*** Opening Data under study ***

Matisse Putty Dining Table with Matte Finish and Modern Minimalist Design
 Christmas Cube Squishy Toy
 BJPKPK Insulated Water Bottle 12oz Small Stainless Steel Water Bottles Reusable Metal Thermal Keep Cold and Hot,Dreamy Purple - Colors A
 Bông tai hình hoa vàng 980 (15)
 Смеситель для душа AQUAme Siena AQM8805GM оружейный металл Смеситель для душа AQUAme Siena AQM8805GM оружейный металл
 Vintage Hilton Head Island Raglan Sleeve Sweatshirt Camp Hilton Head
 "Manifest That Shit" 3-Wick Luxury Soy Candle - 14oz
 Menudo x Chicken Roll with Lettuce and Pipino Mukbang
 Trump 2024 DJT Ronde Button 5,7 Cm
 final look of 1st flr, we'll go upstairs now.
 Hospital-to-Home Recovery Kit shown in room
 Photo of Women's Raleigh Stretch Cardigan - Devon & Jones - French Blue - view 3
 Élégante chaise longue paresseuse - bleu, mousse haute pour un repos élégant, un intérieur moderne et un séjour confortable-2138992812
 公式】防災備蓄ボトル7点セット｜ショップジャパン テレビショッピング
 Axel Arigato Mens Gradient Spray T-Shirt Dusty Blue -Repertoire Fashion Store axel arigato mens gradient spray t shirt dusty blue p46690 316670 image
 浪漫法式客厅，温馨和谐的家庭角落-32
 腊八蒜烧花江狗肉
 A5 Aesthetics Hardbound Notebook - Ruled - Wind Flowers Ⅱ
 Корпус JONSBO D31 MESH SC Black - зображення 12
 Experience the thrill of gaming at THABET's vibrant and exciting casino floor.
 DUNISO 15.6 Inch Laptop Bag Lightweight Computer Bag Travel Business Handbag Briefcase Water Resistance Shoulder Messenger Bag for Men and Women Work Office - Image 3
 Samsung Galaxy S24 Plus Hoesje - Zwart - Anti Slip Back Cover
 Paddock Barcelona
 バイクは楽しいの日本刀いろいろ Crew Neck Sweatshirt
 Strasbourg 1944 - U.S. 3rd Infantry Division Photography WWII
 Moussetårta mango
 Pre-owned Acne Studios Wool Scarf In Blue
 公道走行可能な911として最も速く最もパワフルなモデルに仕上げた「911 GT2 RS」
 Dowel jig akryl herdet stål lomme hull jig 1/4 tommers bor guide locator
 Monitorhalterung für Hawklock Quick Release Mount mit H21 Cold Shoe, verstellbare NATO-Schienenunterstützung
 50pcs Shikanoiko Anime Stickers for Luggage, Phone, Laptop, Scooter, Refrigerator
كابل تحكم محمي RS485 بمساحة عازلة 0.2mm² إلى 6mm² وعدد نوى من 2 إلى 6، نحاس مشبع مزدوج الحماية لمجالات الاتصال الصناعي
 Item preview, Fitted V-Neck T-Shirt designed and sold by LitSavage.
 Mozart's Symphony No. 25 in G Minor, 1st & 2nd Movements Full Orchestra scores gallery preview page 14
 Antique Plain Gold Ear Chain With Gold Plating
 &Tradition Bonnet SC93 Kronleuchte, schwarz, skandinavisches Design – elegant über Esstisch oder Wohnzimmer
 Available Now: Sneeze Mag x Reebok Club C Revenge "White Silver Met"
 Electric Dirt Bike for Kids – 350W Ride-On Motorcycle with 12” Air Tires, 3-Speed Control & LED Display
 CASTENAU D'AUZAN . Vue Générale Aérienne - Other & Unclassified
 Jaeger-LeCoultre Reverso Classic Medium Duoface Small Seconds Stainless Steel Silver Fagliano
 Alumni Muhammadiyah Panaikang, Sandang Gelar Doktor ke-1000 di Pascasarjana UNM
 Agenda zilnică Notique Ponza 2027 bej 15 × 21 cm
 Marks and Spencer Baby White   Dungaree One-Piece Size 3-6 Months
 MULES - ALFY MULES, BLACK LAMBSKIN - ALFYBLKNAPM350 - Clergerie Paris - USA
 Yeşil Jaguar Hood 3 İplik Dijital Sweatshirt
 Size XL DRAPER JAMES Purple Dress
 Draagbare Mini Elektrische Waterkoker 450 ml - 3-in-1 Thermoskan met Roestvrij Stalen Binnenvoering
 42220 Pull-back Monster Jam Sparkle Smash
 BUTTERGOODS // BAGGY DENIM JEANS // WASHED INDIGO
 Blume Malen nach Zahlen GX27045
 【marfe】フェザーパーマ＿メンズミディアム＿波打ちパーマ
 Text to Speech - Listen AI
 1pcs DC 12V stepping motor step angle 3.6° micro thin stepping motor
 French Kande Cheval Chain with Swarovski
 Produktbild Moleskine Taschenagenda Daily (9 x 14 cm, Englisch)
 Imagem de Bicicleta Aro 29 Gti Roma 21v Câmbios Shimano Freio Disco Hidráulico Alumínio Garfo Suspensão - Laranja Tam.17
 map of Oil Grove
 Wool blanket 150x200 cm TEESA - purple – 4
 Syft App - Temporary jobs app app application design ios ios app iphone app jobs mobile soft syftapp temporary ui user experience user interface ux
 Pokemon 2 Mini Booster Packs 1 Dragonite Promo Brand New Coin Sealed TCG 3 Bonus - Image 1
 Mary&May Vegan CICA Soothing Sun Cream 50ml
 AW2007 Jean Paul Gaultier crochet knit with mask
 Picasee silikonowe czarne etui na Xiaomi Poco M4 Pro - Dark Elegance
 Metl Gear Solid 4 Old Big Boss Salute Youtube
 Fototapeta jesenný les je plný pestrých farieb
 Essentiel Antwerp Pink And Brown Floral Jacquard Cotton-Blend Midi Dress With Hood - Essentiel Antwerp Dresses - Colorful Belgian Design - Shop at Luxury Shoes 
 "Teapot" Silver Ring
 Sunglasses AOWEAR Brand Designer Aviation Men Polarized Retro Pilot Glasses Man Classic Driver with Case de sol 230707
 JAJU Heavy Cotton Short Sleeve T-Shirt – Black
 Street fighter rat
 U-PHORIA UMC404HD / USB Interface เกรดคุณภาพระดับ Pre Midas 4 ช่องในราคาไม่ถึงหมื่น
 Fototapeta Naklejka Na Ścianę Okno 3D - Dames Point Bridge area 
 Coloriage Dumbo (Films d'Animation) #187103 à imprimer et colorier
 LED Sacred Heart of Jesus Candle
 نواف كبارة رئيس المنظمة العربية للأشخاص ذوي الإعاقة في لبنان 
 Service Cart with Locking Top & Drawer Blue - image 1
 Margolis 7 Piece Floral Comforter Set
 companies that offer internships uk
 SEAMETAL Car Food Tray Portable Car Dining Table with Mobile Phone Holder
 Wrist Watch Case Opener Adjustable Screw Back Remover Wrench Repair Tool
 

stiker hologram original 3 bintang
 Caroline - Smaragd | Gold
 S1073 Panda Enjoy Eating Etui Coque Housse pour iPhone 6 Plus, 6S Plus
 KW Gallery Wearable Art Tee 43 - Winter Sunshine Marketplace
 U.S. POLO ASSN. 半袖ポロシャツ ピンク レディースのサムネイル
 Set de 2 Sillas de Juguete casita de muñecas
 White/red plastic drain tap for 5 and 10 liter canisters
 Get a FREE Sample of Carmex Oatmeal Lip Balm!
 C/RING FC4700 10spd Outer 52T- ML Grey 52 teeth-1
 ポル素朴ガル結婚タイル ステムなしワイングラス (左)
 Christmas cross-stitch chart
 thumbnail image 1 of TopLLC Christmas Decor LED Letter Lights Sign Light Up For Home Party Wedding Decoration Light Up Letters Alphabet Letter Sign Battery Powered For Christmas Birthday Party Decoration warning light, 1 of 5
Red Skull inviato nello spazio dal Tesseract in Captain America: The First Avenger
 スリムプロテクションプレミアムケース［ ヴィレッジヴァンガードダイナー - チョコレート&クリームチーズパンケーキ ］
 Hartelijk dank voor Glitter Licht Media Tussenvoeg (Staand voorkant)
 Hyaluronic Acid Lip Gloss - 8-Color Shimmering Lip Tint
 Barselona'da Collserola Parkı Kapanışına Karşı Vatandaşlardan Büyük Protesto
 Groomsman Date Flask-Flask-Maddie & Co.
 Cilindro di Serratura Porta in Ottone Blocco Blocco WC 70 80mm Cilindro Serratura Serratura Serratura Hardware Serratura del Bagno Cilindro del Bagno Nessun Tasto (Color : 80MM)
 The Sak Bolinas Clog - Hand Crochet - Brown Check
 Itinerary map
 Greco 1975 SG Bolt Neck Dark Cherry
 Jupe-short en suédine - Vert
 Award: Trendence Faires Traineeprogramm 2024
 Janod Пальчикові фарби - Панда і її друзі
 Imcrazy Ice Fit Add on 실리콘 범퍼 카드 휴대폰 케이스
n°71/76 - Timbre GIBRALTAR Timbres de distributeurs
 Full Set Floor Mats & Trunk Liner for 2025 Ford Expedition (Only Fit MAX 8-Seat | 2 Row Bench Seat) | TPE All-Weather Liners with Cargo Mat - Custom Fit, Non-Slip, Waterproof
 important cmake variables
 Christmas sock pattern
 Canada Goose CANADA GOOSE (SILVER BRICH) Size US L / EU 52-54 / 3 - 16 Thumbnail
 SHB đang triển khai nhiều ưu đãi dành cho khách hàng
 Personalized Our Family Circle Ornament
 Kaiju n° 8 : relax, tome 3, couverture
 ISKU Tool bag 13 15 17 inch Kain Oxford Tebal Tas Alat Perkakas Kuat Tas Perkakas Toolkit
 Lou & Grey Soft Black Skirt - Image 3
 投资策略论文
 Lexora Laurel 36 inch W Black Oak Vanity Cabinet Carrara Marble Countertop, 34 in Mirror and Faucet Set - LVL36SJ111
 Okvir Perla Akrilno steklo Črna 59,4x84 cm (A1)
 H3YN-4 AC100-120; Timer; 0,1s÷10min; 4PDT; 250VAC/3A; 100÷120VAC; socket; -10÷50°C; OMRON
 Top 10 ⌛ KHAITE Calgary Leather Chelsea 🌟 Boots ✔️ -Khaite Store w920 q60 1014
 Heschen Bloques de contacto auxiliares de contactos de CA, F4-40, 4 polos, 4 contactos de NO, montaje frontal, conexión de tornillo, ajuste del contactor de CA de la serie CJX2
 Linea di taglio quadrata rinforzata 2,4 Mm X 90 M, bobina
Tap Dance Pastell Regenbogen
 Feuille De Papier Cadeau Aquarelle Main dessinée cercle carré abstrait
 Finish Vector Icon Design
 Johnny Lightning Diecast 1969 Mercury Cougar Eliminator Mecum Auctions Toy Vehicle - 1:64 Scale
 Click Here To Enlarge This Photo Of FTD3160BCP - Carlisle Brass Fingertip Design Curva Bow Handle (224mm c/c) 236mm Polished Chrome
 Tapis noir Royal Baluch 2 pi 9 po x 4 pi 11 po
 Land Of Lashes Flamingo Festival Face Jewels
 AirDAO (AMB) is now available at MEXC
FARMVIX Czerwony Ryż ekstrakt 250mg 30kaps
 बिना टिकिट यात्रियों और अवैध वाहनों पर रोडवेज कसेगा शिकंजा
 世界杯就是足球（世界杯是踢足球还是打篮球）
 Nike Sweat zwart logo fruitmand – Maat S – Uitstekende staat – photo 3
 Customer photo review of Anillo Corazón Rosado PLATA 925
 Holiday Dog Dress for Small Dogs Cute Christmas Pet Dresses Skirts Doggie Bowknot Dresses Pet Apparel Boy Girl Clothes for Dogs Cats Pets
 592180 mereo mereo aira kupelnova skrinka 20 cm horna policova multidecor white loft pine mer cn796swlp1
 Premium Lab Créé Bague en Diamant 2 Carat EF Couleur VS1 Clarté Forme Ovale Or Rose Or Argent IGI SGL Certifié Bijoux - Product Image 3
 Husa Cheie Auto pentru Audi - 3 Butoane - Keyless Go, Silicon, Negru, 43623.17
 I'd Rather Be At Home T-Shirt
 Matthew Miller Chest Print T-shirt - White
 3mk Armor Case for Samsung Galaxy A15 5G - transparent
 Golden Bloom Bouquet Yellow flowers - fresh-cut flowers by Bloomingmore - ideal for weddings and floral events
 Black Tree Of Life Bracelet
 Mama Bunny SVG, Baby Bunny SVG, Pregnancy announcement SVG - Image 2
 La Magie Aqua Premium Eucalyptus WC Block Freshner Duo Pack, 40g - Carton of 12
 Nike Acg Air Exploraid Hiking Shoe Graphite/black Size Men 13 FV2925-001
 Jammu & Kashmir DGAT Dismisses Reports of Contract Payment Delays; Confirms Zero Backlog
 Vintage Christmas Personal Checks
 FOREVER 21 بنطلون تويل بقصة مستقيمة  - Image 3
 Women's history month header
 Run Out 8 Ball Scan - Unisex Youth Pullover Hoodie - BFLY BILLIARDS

*** Closing Data under study ***

Of the entries above, transcribe exactly those lines that fall between the line containing "نواف كبارة رئيس" and the line containing "ポル素朴ガル結婚タイル ステムなしワイングラス (左)", together with those two lines.

Solution for this problem:
 نواف كبارة رئيس المنظمة العربية للأشخاص ذوي الإعاقة في لبنان 
 Service Cart with Locking Top & Drawer Blue - image 1
 Margolis 7 Piece Floral Comforter Set
 companies that offer internships uk
 SEAMETAL Car Food Tray Portable Car Dining Table with Mobile Phone Holder
 Wrist Watch Case Opener Adjustable Screw Back Remover Wrench Repair Tool
 

stiker hologram original 3 bintang
 Caroline - Smaragd | Gold
 S1073 Panda Enjoy Eating Etui Coque Housse pour iPhone 6 Plus, 6S Plus
 KW Gallery Wearable Art Tee 43 - Winter Sunshine Marketplace
 U.S. POLO ASSN. 半袖ポロシャツ ピンク レディースのサムネイル
 Set de 2 Sillas de Juguete casita de muñecas
 White/red plastic drain tap for 5 and 10 liter canisters
 Get a FREE Sample of Carmex Oatmeal Lip Balm!
 C/RING FC4700 10spd Outer 52T- ML Grey 52 teeth-1
 ポル素朴ガル結婚タイル ステムなしワイングラス (左)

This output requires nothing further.